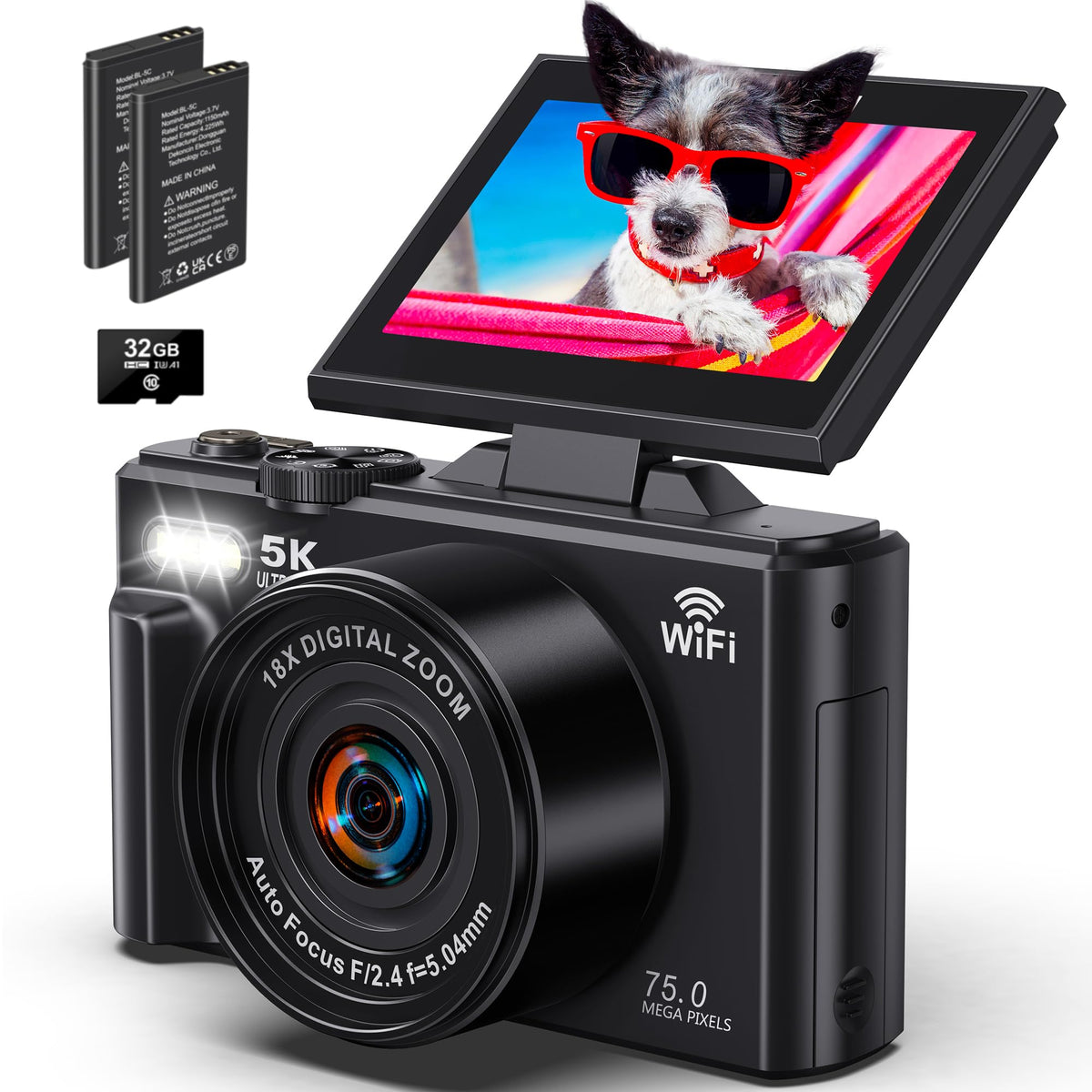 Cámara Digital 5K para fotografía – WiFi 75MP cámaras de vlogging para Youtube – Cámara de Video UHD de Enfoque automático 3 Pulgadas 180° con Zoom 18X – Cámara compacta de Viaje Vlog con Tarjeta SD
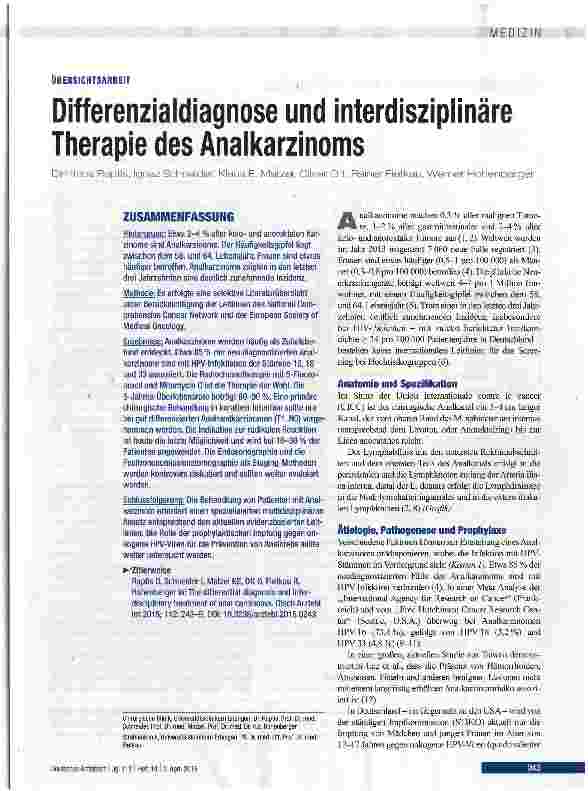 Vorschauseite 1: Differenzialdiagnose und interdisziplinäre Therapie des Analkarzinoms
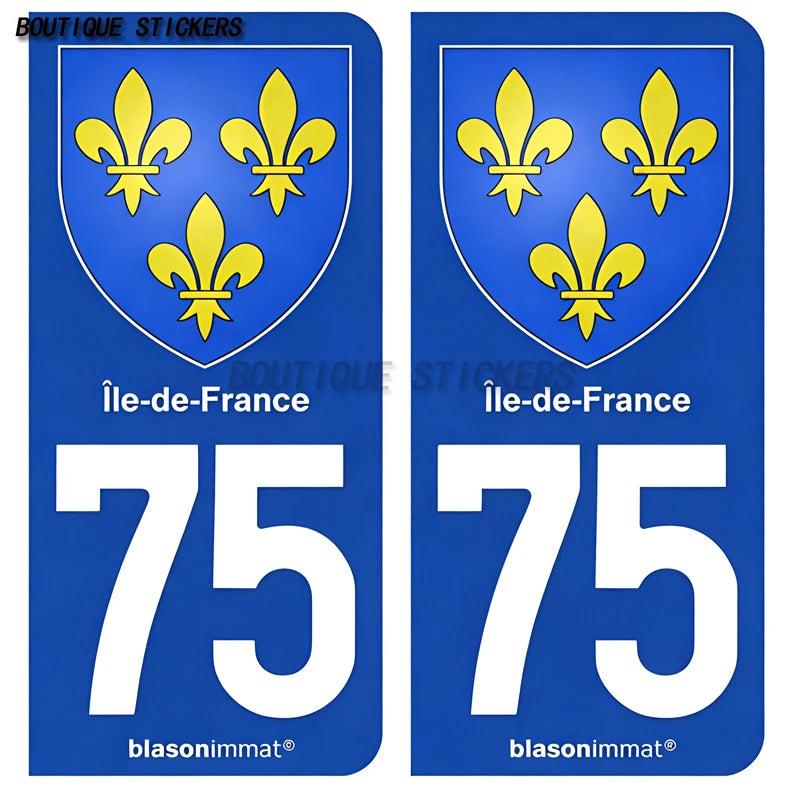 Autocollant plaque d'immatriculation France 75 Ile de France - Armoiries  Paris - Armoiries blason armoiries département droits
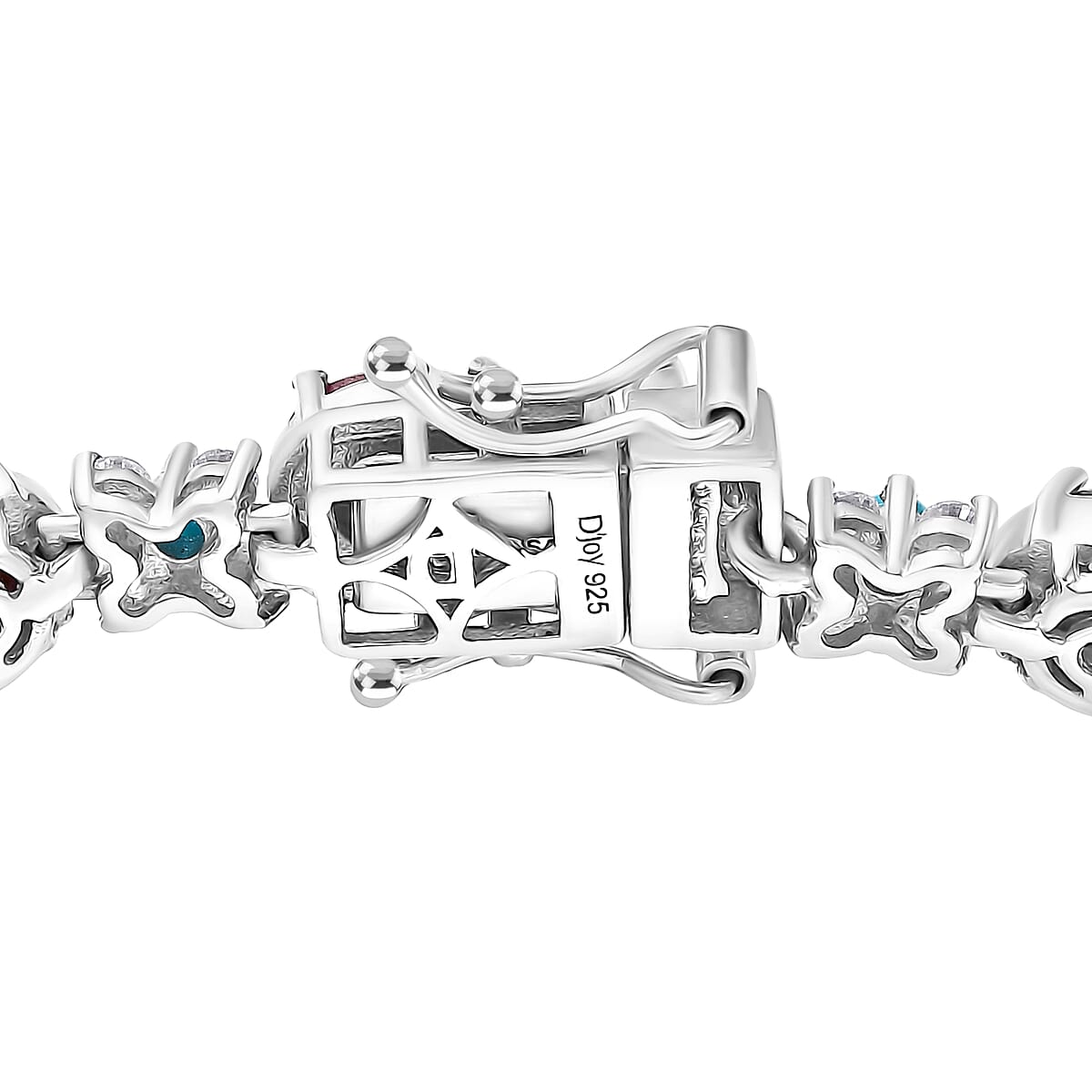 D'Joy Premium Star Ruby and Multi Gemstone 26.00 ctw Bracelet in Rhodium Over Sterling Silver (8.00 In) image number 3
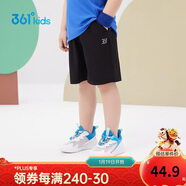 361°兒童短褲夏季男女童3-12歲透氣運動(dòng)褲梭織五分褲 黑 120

▶ [PROBLEM]: In your reply, please print exactly the lines from the one with "Autocollant plaque d'immatriculation" through the final line of the listing above, both included, and no pictures.

▶ [EXERCISE ANSWER]:
 Autocollant plaque d'immatriculation France 75 Ile de France - Armoiries  Paris - Armoiries blason armoiries département droits
 D'Joy Premium Star Ruby and Multi Gemstone 26.00 ctw Bracelet in Rhodium Over Sterling Silver (8.00 In) image number 3
 361°兒童短褲夏季男女童3-12歲透氣運動(dòng)褲梭織五分褲 黑 120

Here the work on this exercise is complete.